Standing up and opening the door, I said “I think I’ve got it Doctor, many thanks” and left, already feeling pepped-up with my Doctor’s reassurance and wondering if the tablets he’d signed off for me were anything other than placebos. The faint smell of vomit hung in the air of the waiting room and as I whizzed on through towards the Pharmacy, I spotted the look of horror across the other patients’ faces as they tried to avoid staring at the two women from before: gasping of breath between throwing chunks, her friend was wiping her mouth and saying “There, there it’ll be fine, don’t worry, everything will be okay, Love”. Tucking my chin downwards into my coat’s upturned collar, I attempted to quell the onslaught of the sickly smell wafting about the area and even though I breezed through in a couple of seconds, it was a stench that clung upon you for a while.

I was straight into the Pharmacy clutching my gland-reducing remedy and after a little confusion regarding which boxes to tick and where to scribble my signature on the back of the thing, I handed it over to the lady serving behind the counter. “That’s £7.80 please” she stated matter-of-factly, but she had to repeat her words once more due to my incredulous response to her original statement. “Eh?! How much?!” reverberated around the small, kiosk-sized room, which caused the only other person waiting – an old man wearing two hearing aids and jam-jar bottom glasses – to cackle with laughter and say overly loud “It’s a bloody joke, in’t it, eh?!” Shaking my head out of genuine shock, I pulled out my last £10, which I had intended to use to buy some bread and milk in order to stave off imminent malnutrition but now had to spend on my supposed medicinal salvation instead.

As I flopped down into a spare chair and lazily perused the heal-all items on the shelves facing me – nicotine gum, flu remedies and tooth repair kits to name a few – the lady behind the counter told me that there would be a little wait due to the computers being down at the minute.
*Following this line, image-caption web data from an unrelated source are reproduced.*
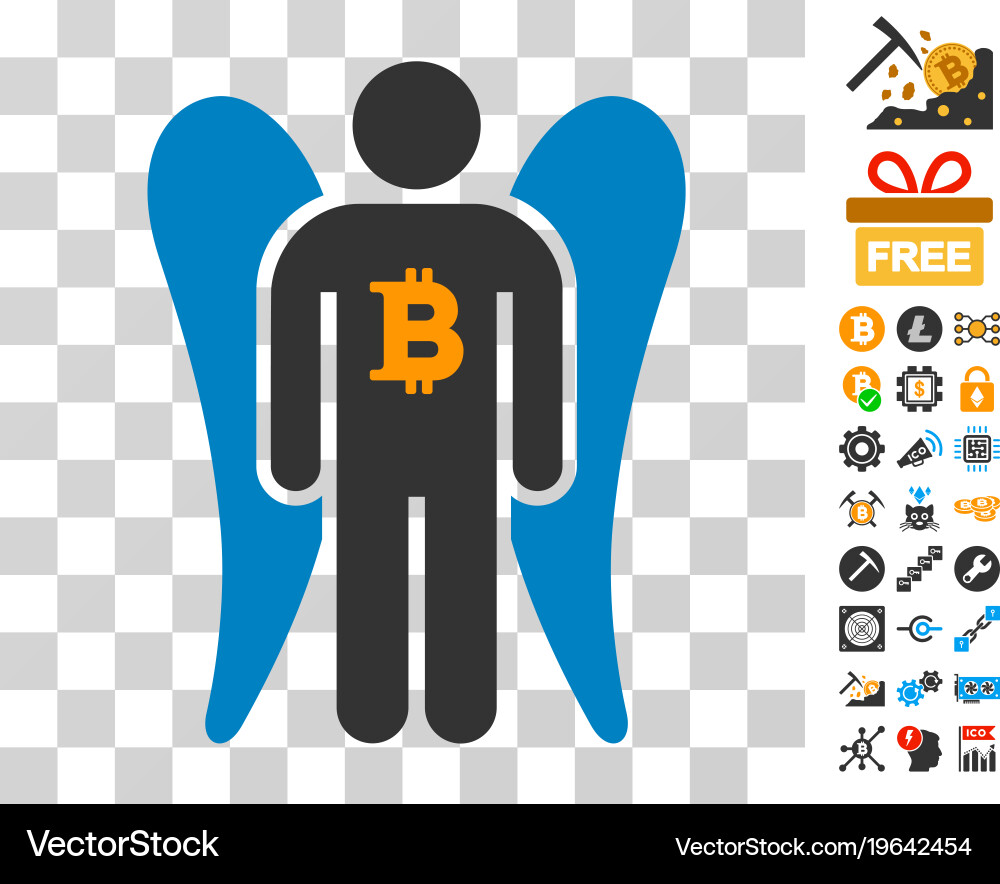 Bitcoin Angel Investor Icon – Royalty-Free Vector | VectorStock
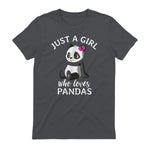 Cute Panda Kawaii Just A Girl Who Loves Pandas Girls in Charcoal - back view
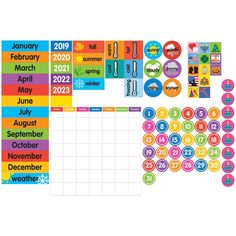 a colorful calendar with the dates for each month and numbers in different colors on it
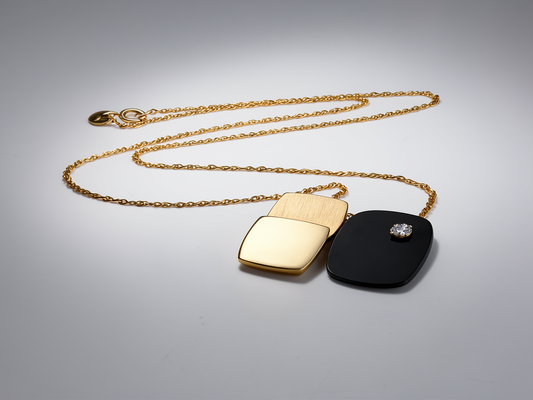 MCM Artisan 3D Modernist 14K Gold Diamond Black Lucite Brooch Necklace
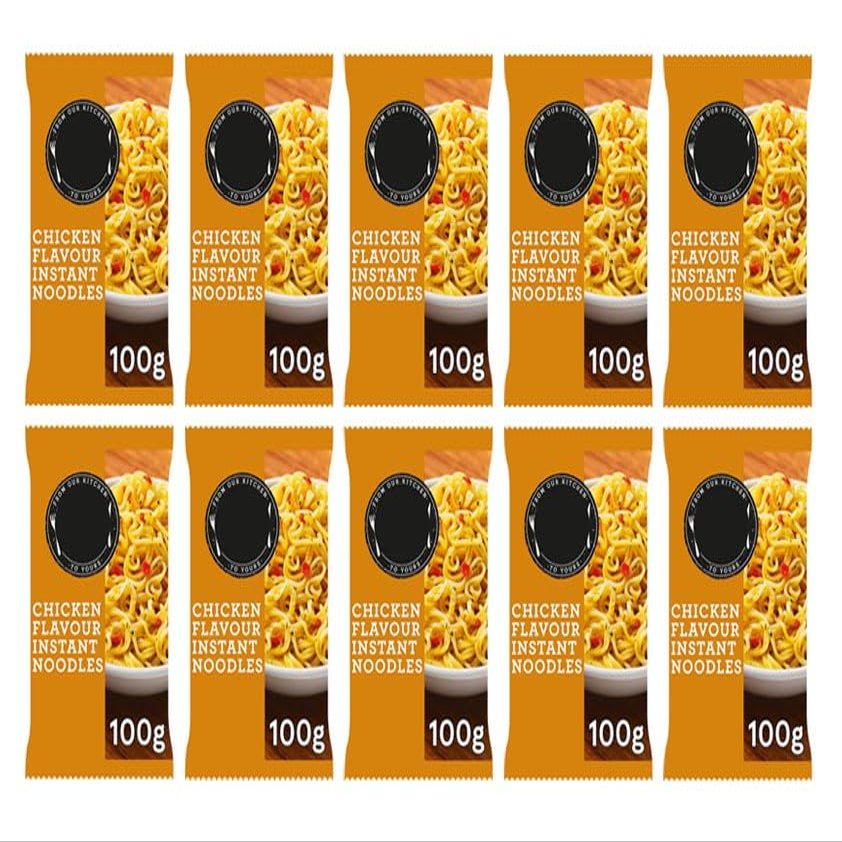 Chicken Flavour Instant Noodles, 100g per Pack, Pack of 10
This I accepted with the good grace of a man whose stomach was beginning to grumble due to lack of simple wares such as bread and milk, things which had suddenly been elevated to something akin to Ambrosia, unattainable until payday. “I wonder if I can get sustenance from these tablets?” I thought while I waited and began to imagine making an anti-biotic pie, something which was both interesting and strange in equal measures. Suddenly, there was a man’s voice, “Mr.——?”
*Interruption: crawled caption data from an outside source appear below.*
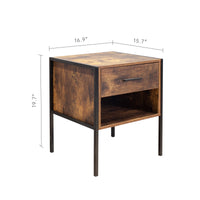 Set of 2 Industrial Style Nightstands Modern End Tables with Storage for Bedroom Living Room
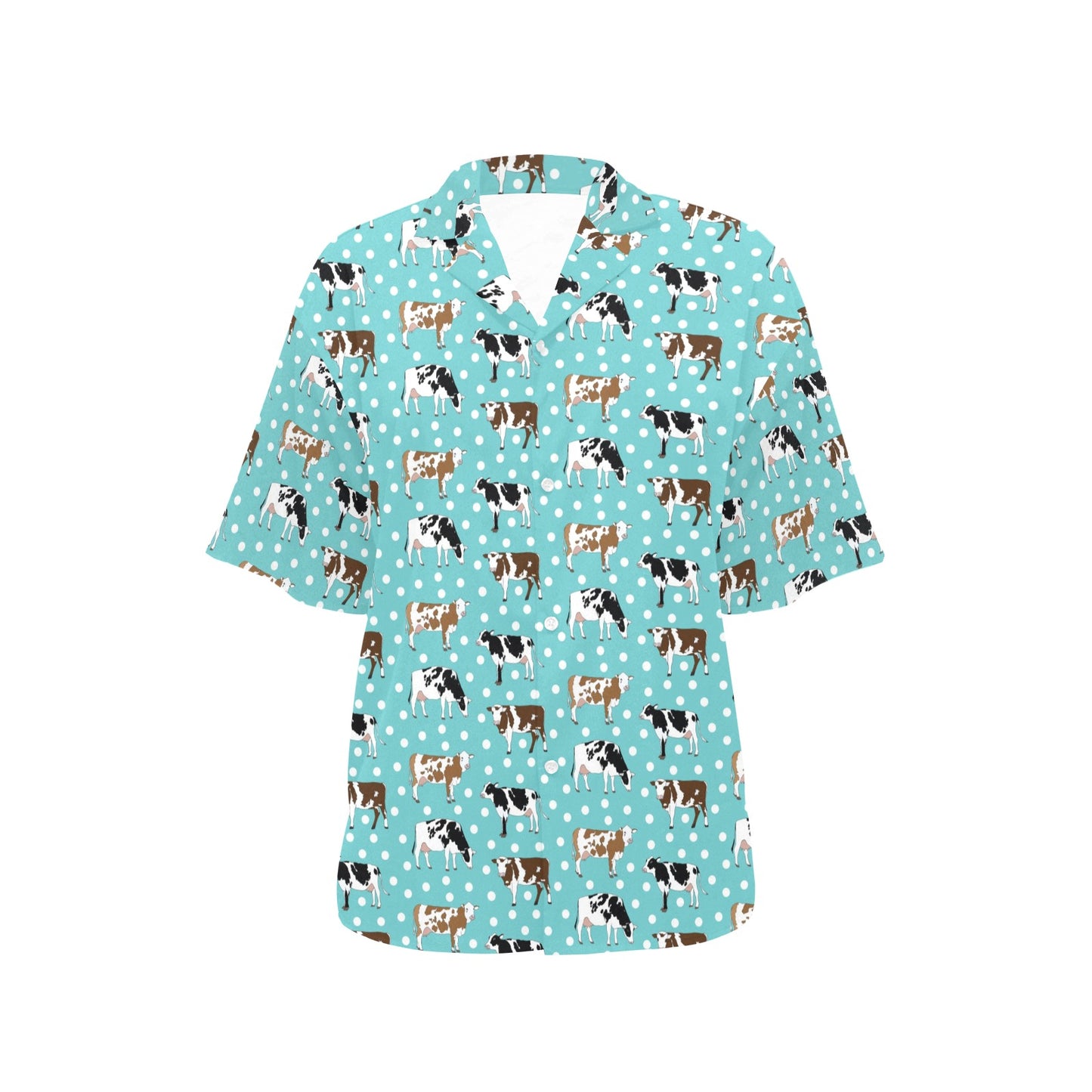 Cattle Print Design LKS405 Women's Hawaiian Shirt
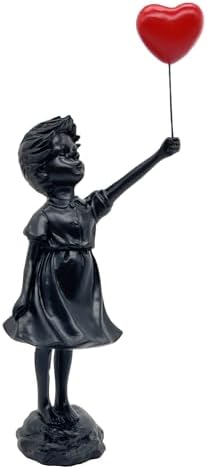 Cute Girl with Resin Globe Figurine for Home Decor Banksy Statue with Red Heart Balloon Modern Art Sculpture for Tabletop Bookshelf Decor - Image 2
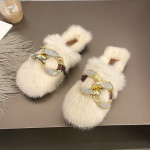 Rabbit Hair Drag Outside Wear Plus Velvet Warm Wrap Head Half Slippers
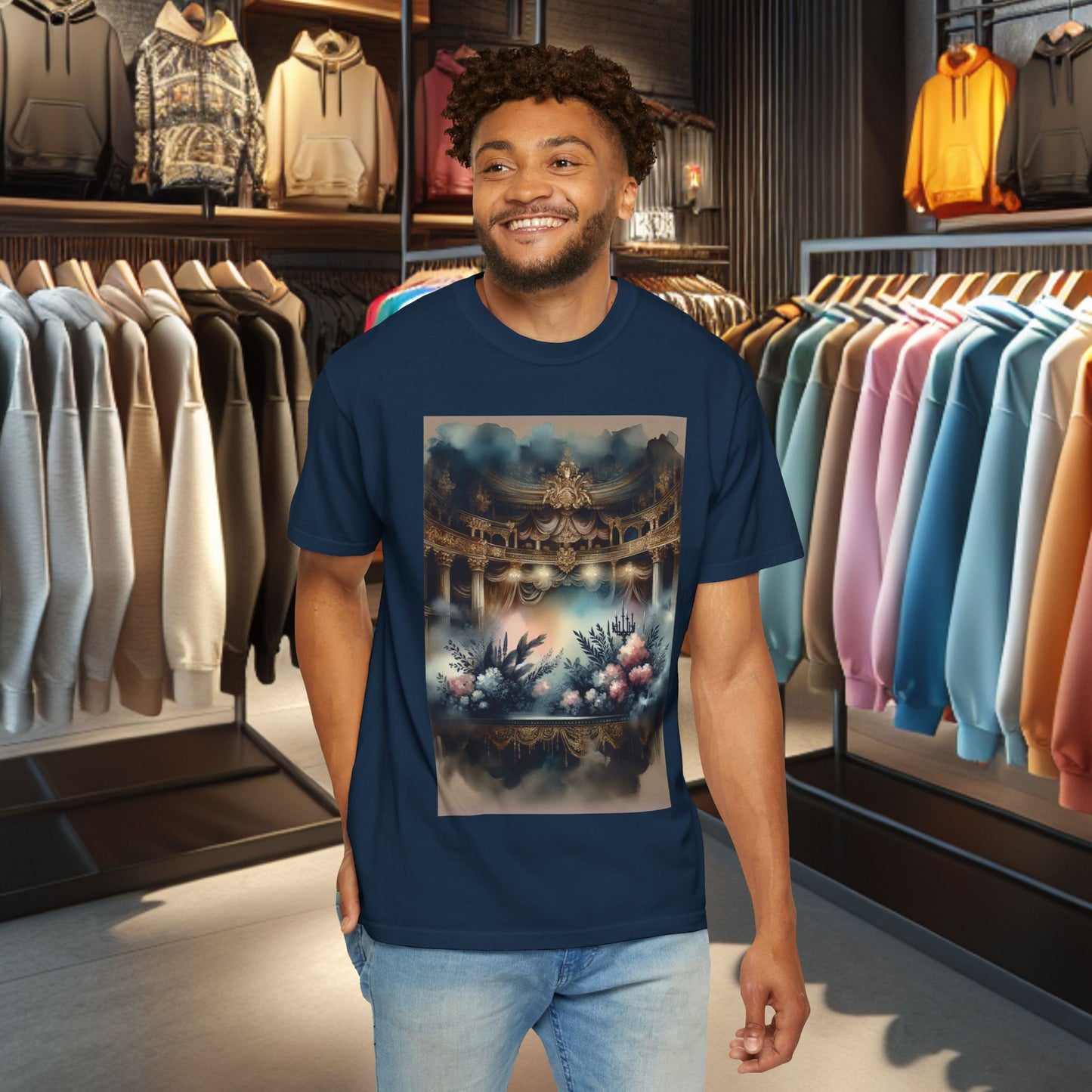 Dreamy Garden Unisex Garment-Dyed T-shirt - Artistic Floral Print - Perfect for Everyday Wear and Gifting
“Yeah,” I said as I stood up and walked over to the Pharmacist, who was clutching a white paper bag with “Pharmacy” printed across it in green lettering. “What is your address, Mr.——?” he asked as a simple security check and once he seemed satisfied with my answer, he opened the bag and pulled out three yellow and white boxes of red tablets. “Right, the problem we’ve got this morning,” the Pharmacist stated “is that our computers are all down, so we’ve got your tablets here but we need to know if you got any instructions on how to take them from your Doctor?” I stared at him blankly and he peered back at me expectantly for my answer, which truth be told had gotten slightly lost within my consciousness, perhaps due to lack of food, feeling ill with the glands or just a through a combination of lethargy and forgetfulness, so I illicitly nodded at him. “Yep, he told me how to take them, so nothing to worry about!” slipped through my fake-smiling lips and he handed the bag to me just as I was thinking of that scene out of Dirty Harry when Clint Eastwood says “Did I fire six shots or only five?!” which seemed apt when trying to recall the confusing ramble of numerical strata my Doctor had given me to follow.
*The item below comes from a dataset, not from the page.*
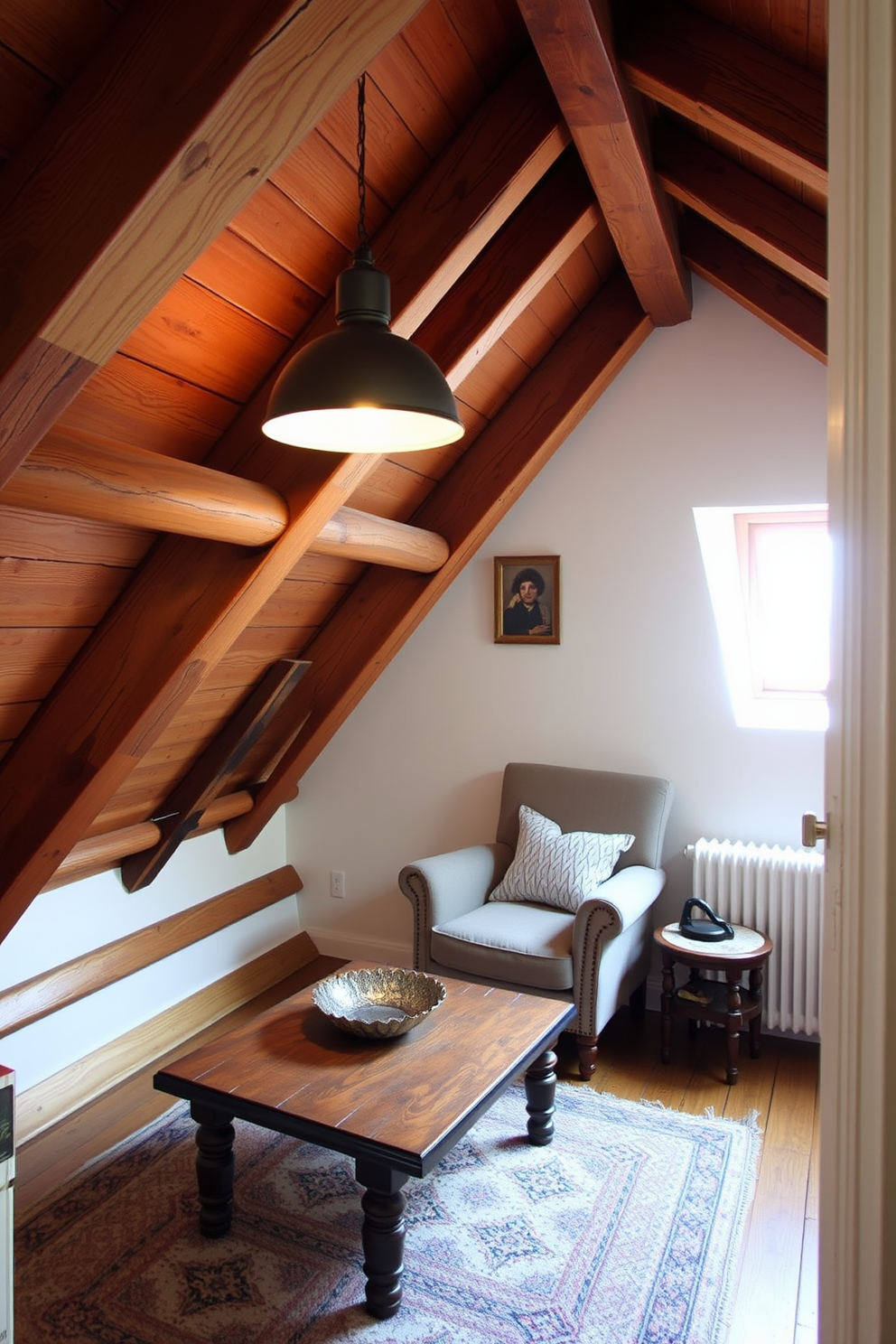 A cozy attic space designed with rustic charm. Exposed wooden beams create a warm atmosphere while maximizing the use of limited space. A small seating area features a plush armchair and a vintage wooden coffee table. Soft lighting from a hanging pendant illuminates the room, enhancing the inviting ambiance.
So, that was that; I’d traded my food money for medicine and hopefully I’d make it through to pay day in one piece, albeit maybe slightly thinner with a craving for toast and milky tea. Just as I was turning to leave though, I heard the Pharmacy door open behind me and then a voice loudly say “Quick! I think I’m gonna be sick again!” Needless to say I was out of that place in the blink of an eye, back home in record time and indulged in a vigorous scrubbing in order to wash away any traces of that simpleton’s Norovirus, armed with a couple of weeks worth of tablets and nothing else.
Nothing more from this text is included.